- _The data_:
######

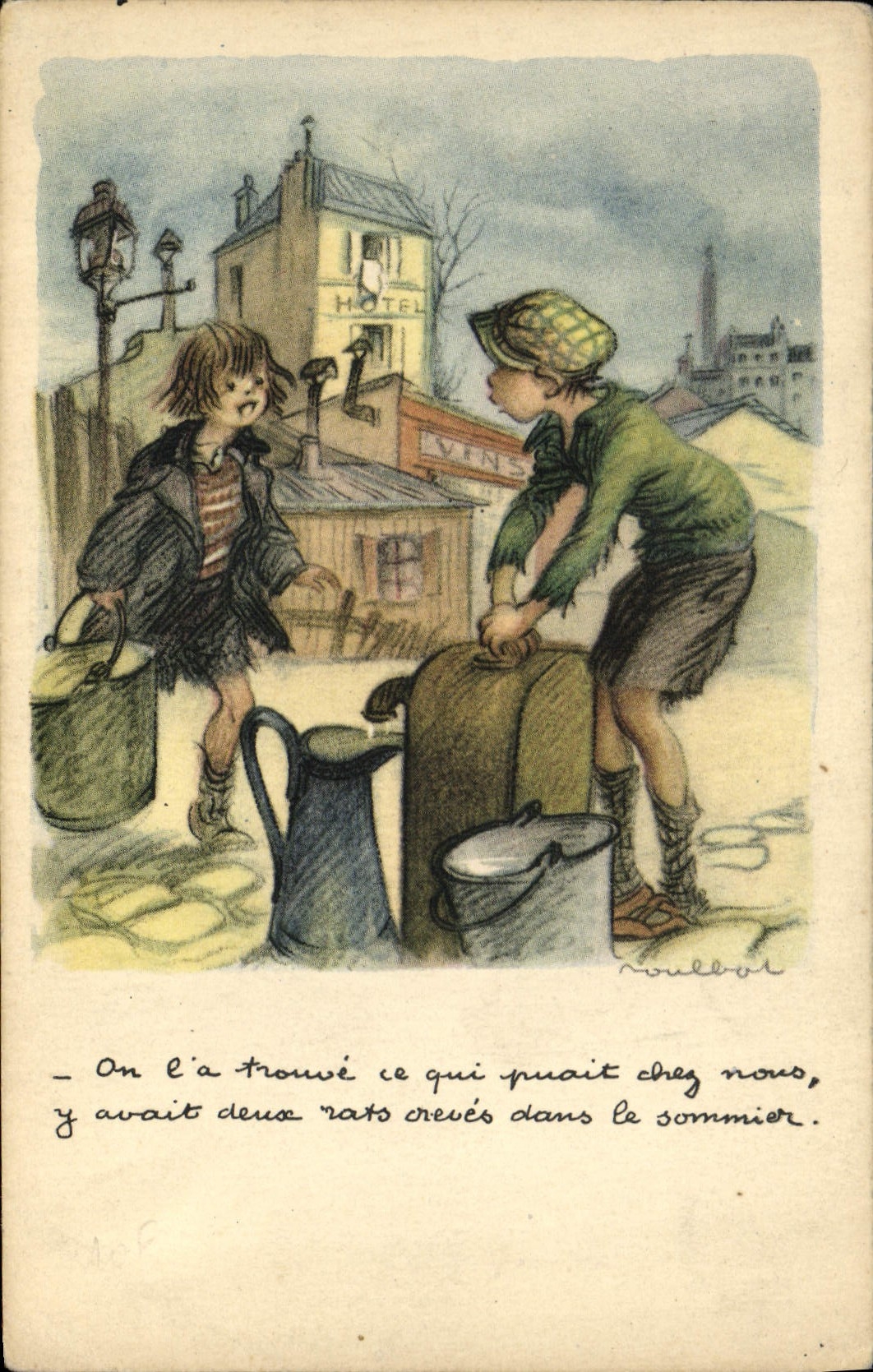 CPA Illustrateur Poulbot 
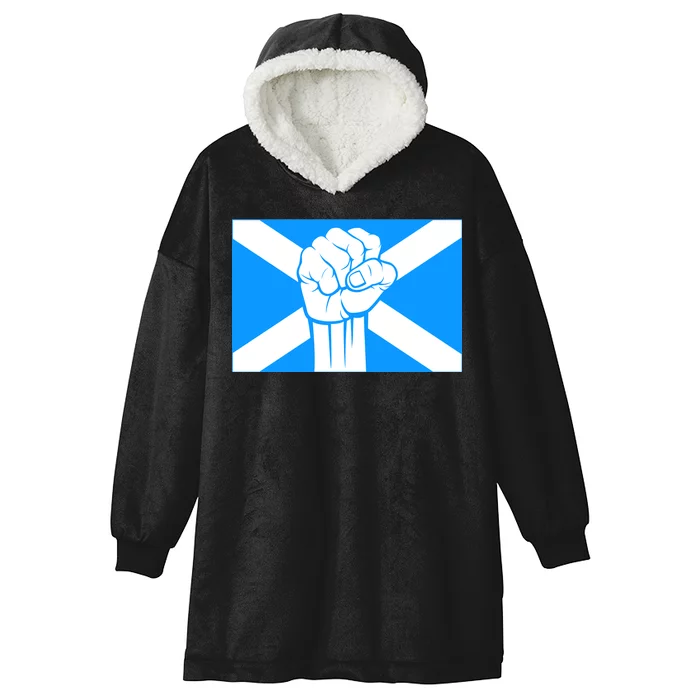 Scotland Power Hooded Wearable Blanket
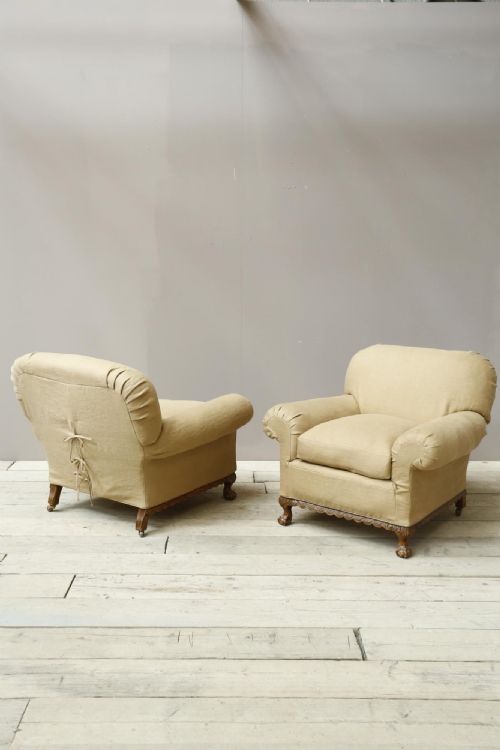 Pair of Early 20th Century Country House Armchairs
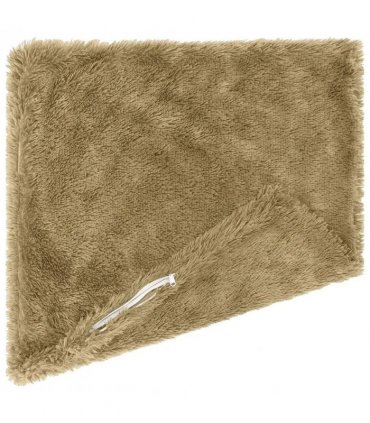 vidaXL Cushion with Pillow HEERLEN 2 pcs Light Grey PV Fleece — Size: 55 x 55 cm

######

- _Problem requirements_: Reproduce the listing exactly, minus its pictures.

- _Answer section_:
 CPA Illustrateur Poulbot 
 Scotland Power Hooded Wearable Blanket
 Pair of Early 20th Century Country House Armchairs
 vidaXL Cushion with Pillow HEERLEN 2 pcs Light Grey PV Fleece — Size: 55 x 55 cm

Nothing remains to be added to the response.